Actually, you can afford it; I submitted this a couple days ago, but I guess it didn't make the cut:
Its much better at finding server-centric applications to benchmark:
Ace's Hardware Review
The Opteron will be available in a desktop version. The Xeon is not, and will not be.
That means there is a HUGEEEEEEE difference in price.
Also, every review except for Tom's shows the Opteron beating Xeons in more workstation tests --- Tom didn't enable the second memory channel or use DDR400. Both of which limited performance.
Read the review ..
;)
AMD did not implement the full 64-bit virtual address (neither does Itanium2). The Opteron has *only* 48-bit virtual address and 40-bit physical address. That means it can address upto 256TB of virtual space and 1TB physical space.
And yeah, 256TB ought be enough for everyone
The Opteron will be available in a desktop version. The Xeon is not, and will not be.

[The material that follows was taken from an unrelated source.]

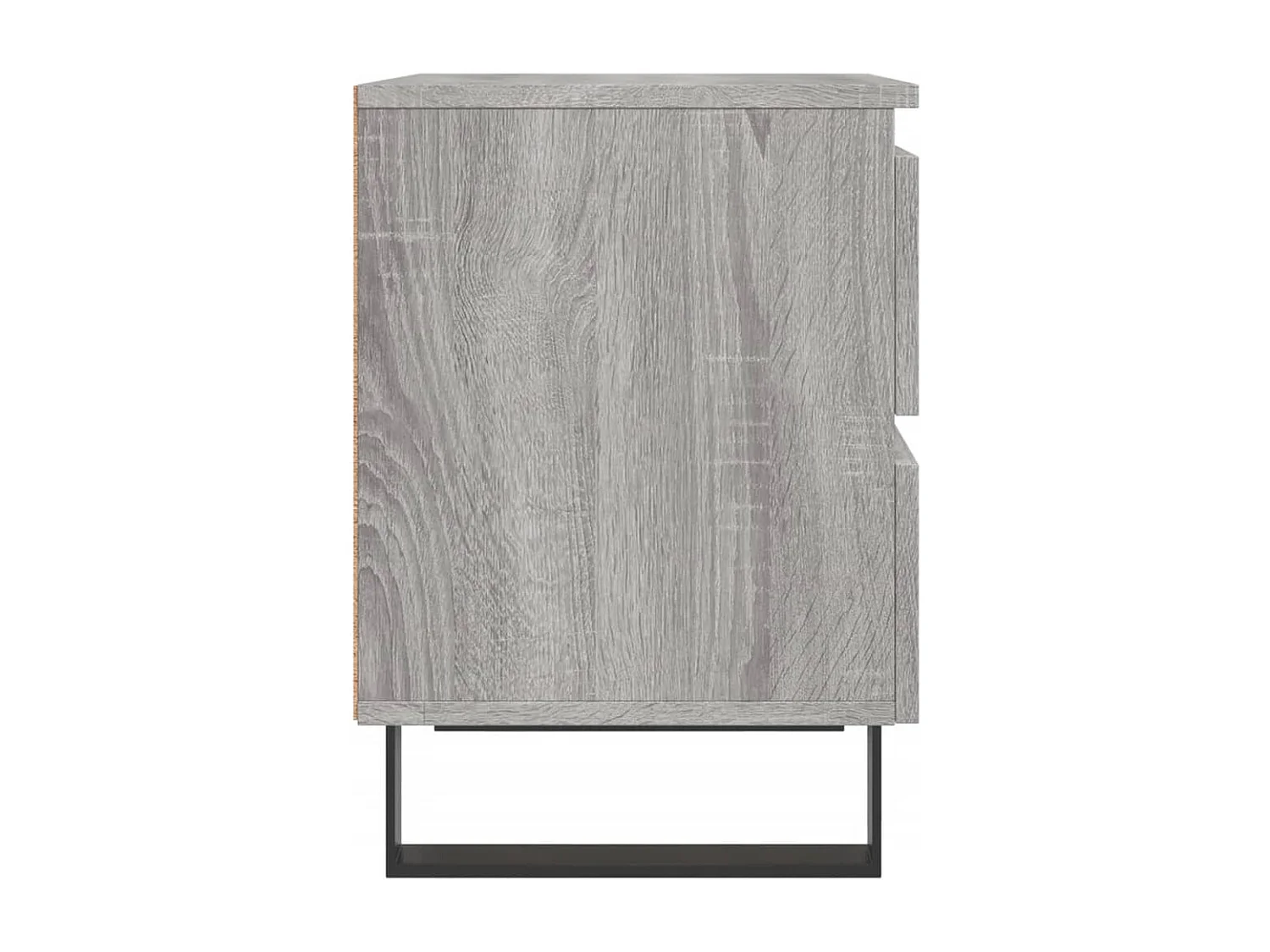 Mesita de noche 2 unidades madera ingeniería gris Sonoma 40x35x50 cm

How so? The Opteron is to the Athlon64 ("the desktop version") as the current-generation Xeon is to the Pentium 4. In fact, the Pentium 4 is much closer to the Xeon than the Athlon64 is to the Opteron.
Tom didn't enable the second memory channel
The Athlon64 will not have a second memory channel regardless...
or use DDR400
Can't blame him for that. AMD does not officially support DDR400.
Uttering logically derived and empirically supported truths to the disciples of the orthodox establishment.